I spent the better part of my college years listening to a lot of MMW. I actually had to willfully cut myself off because I was absorbing a bit too much of Chris’ style, in my youthful opinion. I hadn’t really listened to much in the several years since then, but it was still a bit of an intimidating treat to be on the set of this nationally syndicated radio show with Chris Wood and Edgar Meyer. My bass teacher in college used to drag us to master classes down in Hickory NC, and Edgar’s was one of them. It was mindblowing, but I digress. I went out and bought your album, Loaded, the day after the taping.
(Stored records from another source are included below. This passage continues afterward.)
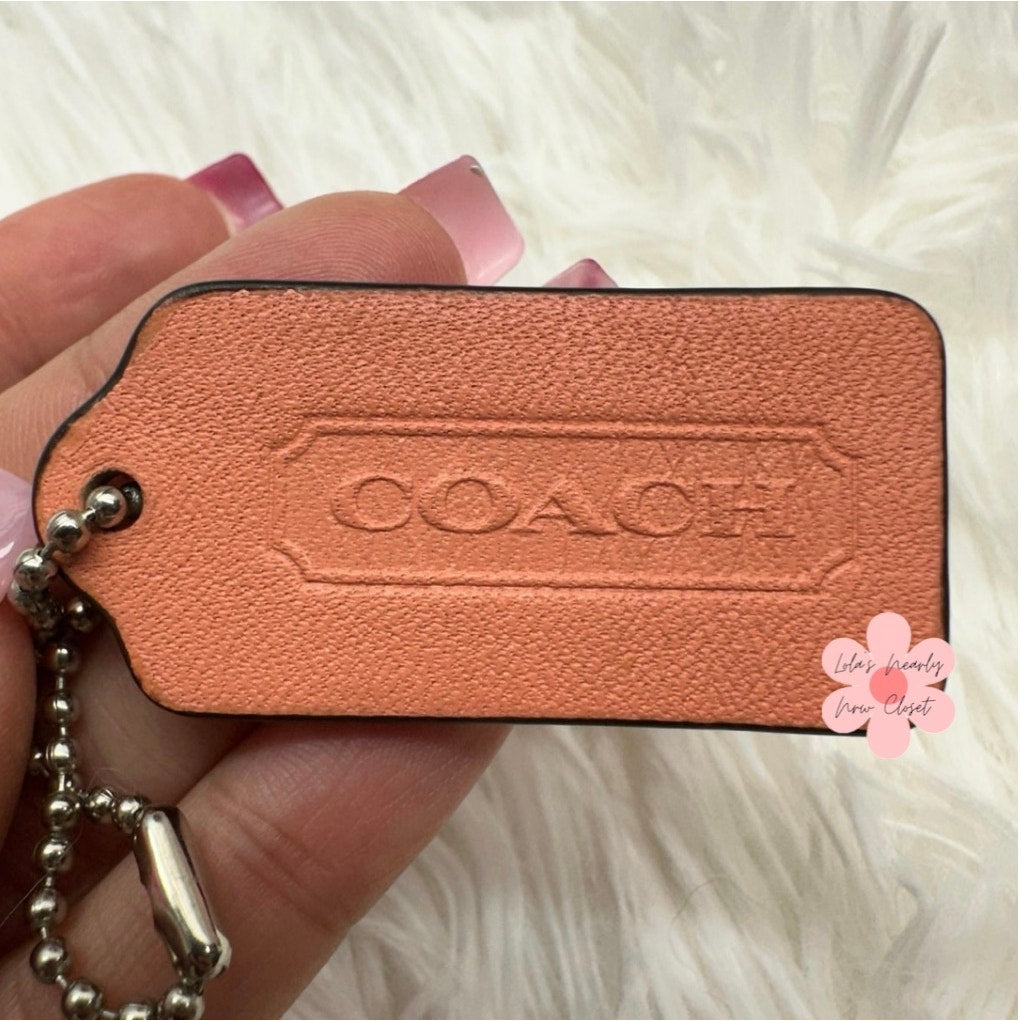 1.5" COACH Legacy Fob Bag Charm Hang tag Hangtag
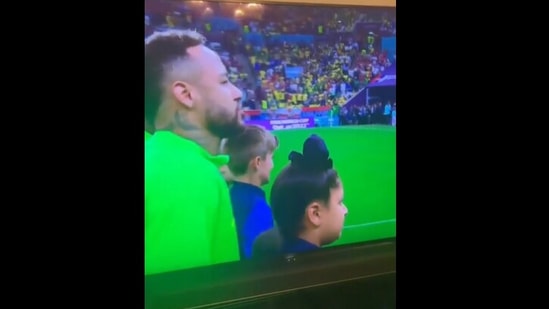 Neymar comes with a Sikh boy for national anthem.(Instagram/@sikhexpo) Neymar comes with a Sikh boy for national anthem.(Instagram/@sikhexpo)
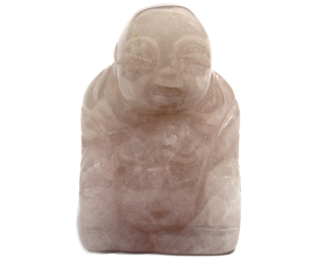 Gemstone Buddha - Rose Quartz
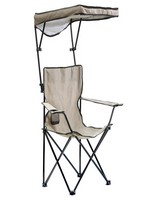 Quik Shade Basic Taupe Canopy Folding Chair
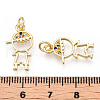 Brass Micro Pave Colorful Cubic Zirconia Pendants KK-E068-VF141-3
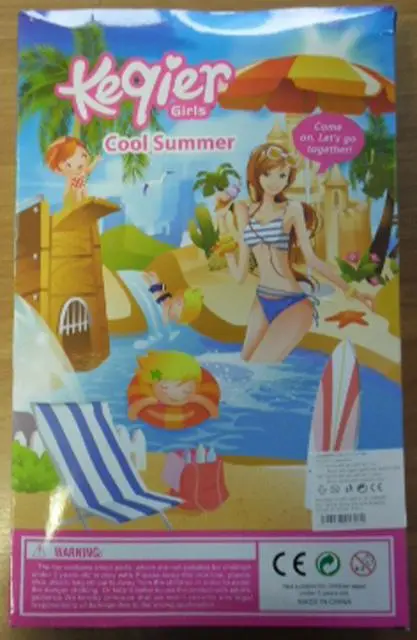 Photo from the official notice: Bangbang Keqier Girls - Cool Summer plastic dolls with accessories — chemical risk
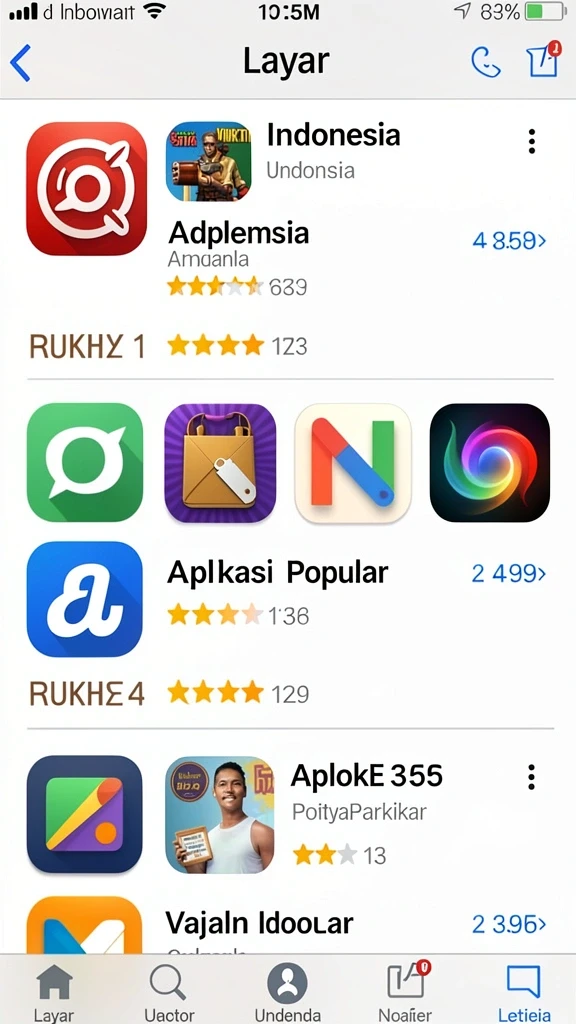 hokihoki - Tampilan antarmuka yang intuitif dan mudah dipahami.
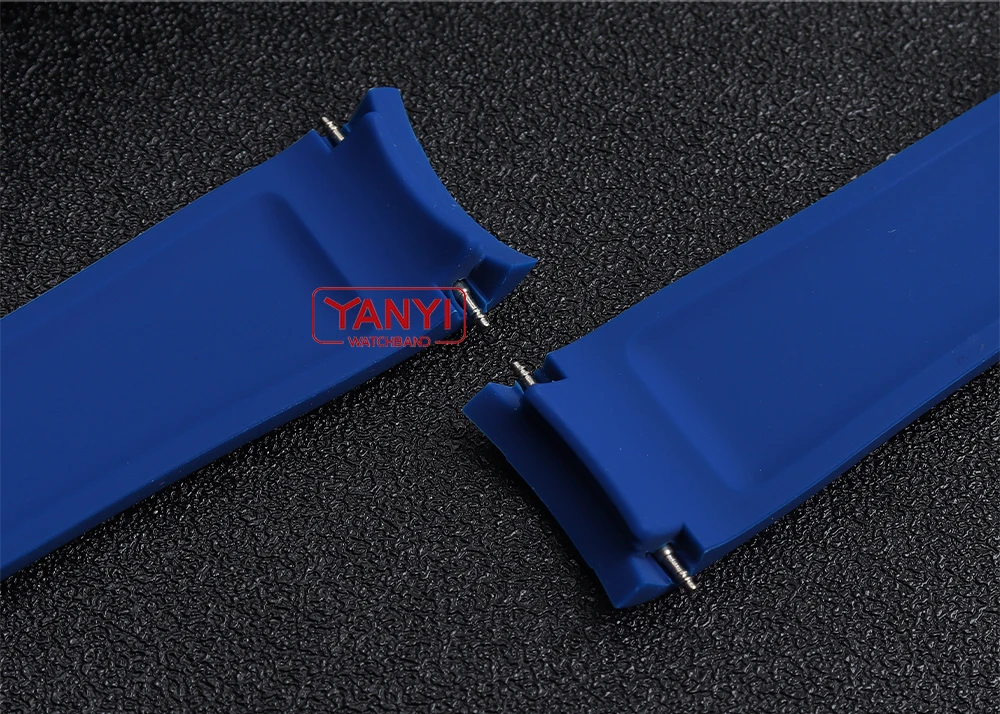 High-quality Rubber Watchband 18mm 20mm 21mm 22mm Bracelet for S-Eiko Omega Moonswatch Rolex Watch Band Curved End Watch Strap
The point I’m getting at is that we, as professional musicians, have been taught through many generations of unfortunate Pavlovian training to view the worth of our art through the lens of commerce. How many units we sell is how good our record is. Of course, we know that we’re creating art and that the value of our work can’t be quantified as simply and as greedily as that, but if your record doesn’t move that many units, it’s harder to stay excited about it as a work of art, isn’t it? It’s certainly harder to keep our record label excited about it. That fact is quite likely the fundamental cause of the mess that we find our “industry” in, wouldn’t you say? That it’s an industry at all is part of the problem. Irony.

So, I just wanted to take a moment to tell you, in public, what a profoundly great record it is. It’s moved me to tears more times than I can count, and almost every song on there has at one point or another perfectly summed it all up for me. I haven’t heard music as good since probably the first time I ever heard Gillian Welch. I’m not sure how many units it’s sold, maybe “not many”, but it’s one of the finest albums I’ve ever heard. So, thank you.